Out past families on the sand, settled with sandcastles and picnic rugs in the sunshine, children jumping and shrieking in the baby surf which tumbles onto the sand. Climbing now through hedgerows of head-height gorse, elder in flower and ragged robin, then onto the cliff-top where sea-pinks reign supreme. A view back over the bay as the retreating tide shows wide stretches of sand and a black-tide mark on the cliffs to mark high-water. Round the headland and along the coast in high sunlight beating on heads and backs and arms up to the highest point of the bay where a small church nestles on the headland overlooking the Irish Sea. Bay of St Patrick where he allegedly landed shipwrecked, to find a sheltering cave and a freshwater spring to nurture him.
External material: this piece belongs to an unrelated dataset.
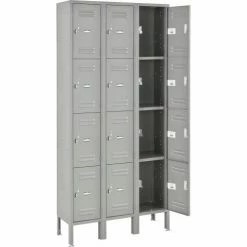 Global Industrial™ 4-Tier 12 Door Box Locker, 12"W x 15"D x 18"H, Gray, Assembled -Deals Lockers Store 493456GY 03 2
In the graveyard, stones telling stories sweet and sad. The couple who died within a year of each other in their nineties, the woman who survived husband and five children by twenty years, all of them dying one after the other within one unimaginably bleak ten year period. Sitting on the headland we exchanged our own stories and confidences, giving and receiving love, support, advice, and the simple gift of a space to speak and be heard.
And later I swam. Accompanied by my own safety flotilla of five people in three kayaks and a boat, out across the bay and round the headland to a beach below the little church where we had bathed hot feet on the way back from our walk. Out through the sea that had looked like wrinkled silk from the cliff and which, once I was in it, lifted and dropped and washed and rolled and supported me. Past the black rocks of the headland, friends to each side as I rolled to breathe, giving me space to conquer my demons of fear that the swell would be too big, too scarey, too cold. Stretch and catch and pull and push, stroke stroke breathe, stroke sight breathe, all the way out and all the way back again, cradled by the sea and by the presence of friends. Not too scarey after all. A challenge met and mastered, friendships celebrated and renewed, a beautiful day in a beautiful place. Paradise.
And now…The Footballing Fact Of The Day!
Xabi, pronounced “Shabby”, Alonso, is a Spanish midfielder currently playing for Real Madrid. Xabi Alonso is an excellent name for a footballer, but Shabby Alonso would be an even better name for a cat.
That was The Footballing Fact Of The Day. I thank you.